Stocks slipped and Treasury yields rose sharply on Friday after the release of a stronger-than-expected jobs report, signaling that markets may have to wait longer for interest rate cuts from the Federal Reserve.
The S&P 500 fell 0.1% to 5,346.99, capping off a strong week that saw the benchmark index rise 1.3%. The Nasdaq composite slipped 0.2% to 38,798.99, while the Dow Jones Industrial Average fell 0.2% to 38,798.99. Smaller company stocks fared even worse, with the Russell 2000 falling 1.1%.
U.S. employers added 272,000 jobs in May, surpassing economists’ expectations and suggesting continued strength in the job market. However, the report also showed a rise in the unemployment rate for the second consecutive month, adding complexity to the Federal Reserve’s decision-making on interest rates.

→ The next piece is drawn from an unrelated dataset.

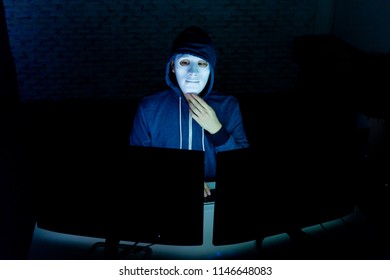 Masked Hacker Under Hood Using Computer Stock Photo 1146648083 ...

The yield on the 10-year Treasury jumped to 4.43% following the jobs report, while the two-year yield, which tracks expectations for the Fed, rose to 4.89%. Wall Street is hoping for at least one rate cut from the Fed before the end of the year, but the strong jobs market and signs of inflation pressure may delay those cuts.
Economic data earlier in the week hinted at a potential slowdown in the economy, with reports showing manufacturing contraction, weaker worker productivity, and declining job openings. However, gains in chip companies focused on artificial intelligence technology helped push the market to record highs throughout the week.
Investors will be closely watching next week’s updates on wholesale and consumer prices to get a clearer view of inflation’s trajectory. Fed officials are expected to hold interest rates steady at their upcoming meeting, with investors scaling back bets on a rate cut in July following the jobs report.
Retail earnings have also been in focus, with reports showing that consumers are cutting back on non-essential items due to stubborn inflation. GameStop, the video game retailer caught up in the meme stock craze, saw its shares slump 39.4% after reporting another quarterly loss and announcing plans to sell up to 75 million more shares.